Note Just as explained in the product overview, DatoCMS is totally agnostic in terms of static site generators: it just allows you to dump content locally, and the rest is up to you. There are several ways to handle multiple languages with Jekyll — just as an example, take a look at this guide, or this plugin.

Within your dato.config.rb file, you can easily switch between your locales like this:

# dato.config.rb

I18n.locale = :en
dato.blog_posts.first.title   # => "Hello world!"

I18n.locale = :it
dato.blog_posts.first.title   # => "Ciao mondo!"

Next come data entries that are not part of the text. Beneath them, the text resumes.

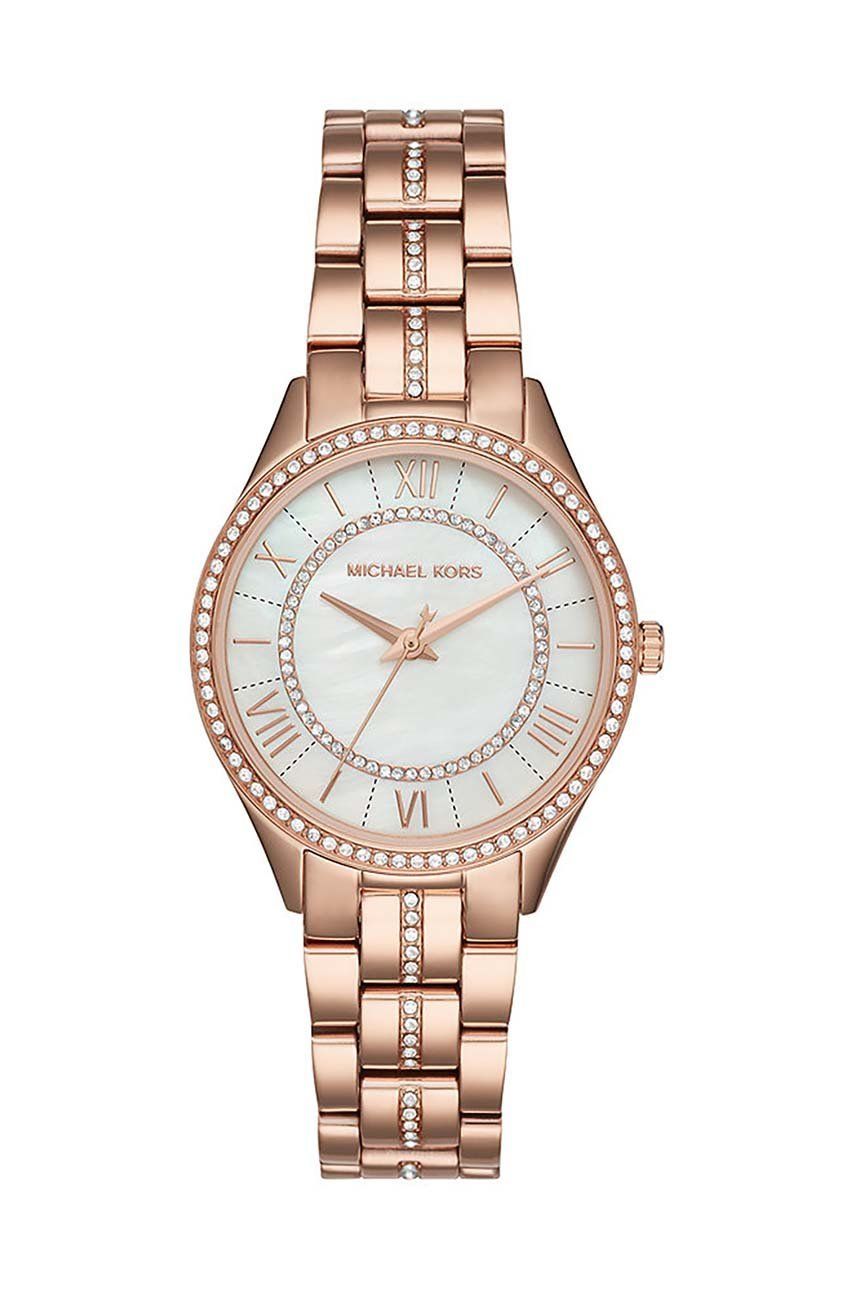 

Часы Michael Kors, золотой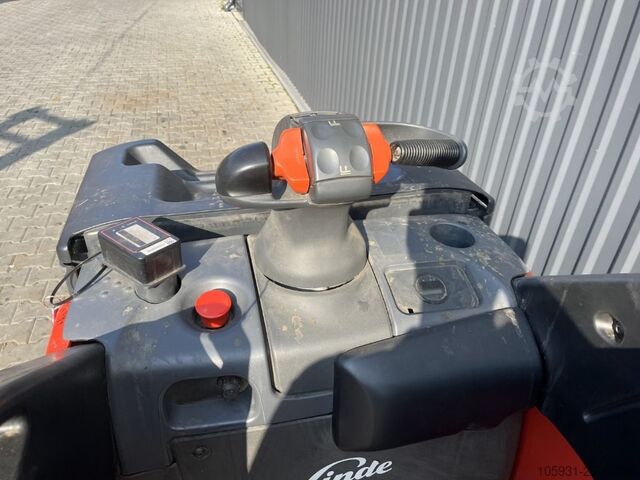 Raklapemelő Linde T20SPB
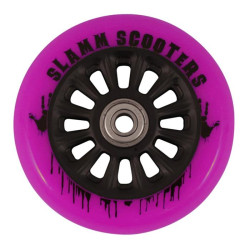 Roue Trottinette Freestyle SLAMM Ny-Core Pink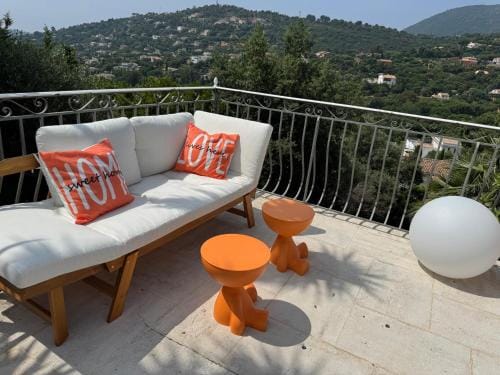 Villa Hirondelles 35 Hotel in Cavalaire-sur-Mer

If you need to temporarily switch locale, and then restore the previous value, you can use I18n.with_locale:

# dato.config.rb

I18n.locale = :en
dato.blog_posts.first.title     # => "Hello world!"

I18n.with_locale('it') do
  I18n.locale                   # => :it
  dato.blog_posts.first.title   # => "Ciao mondo!"
end

I18n.locale                     # => :en
dato.blog_posts.first.title     # => "Hello world!"

You can also obtain the list of languages of your administrative area with I18n.available_locales:

# dato.config.rb

I18n.available_locales  # => [ :en, :it ]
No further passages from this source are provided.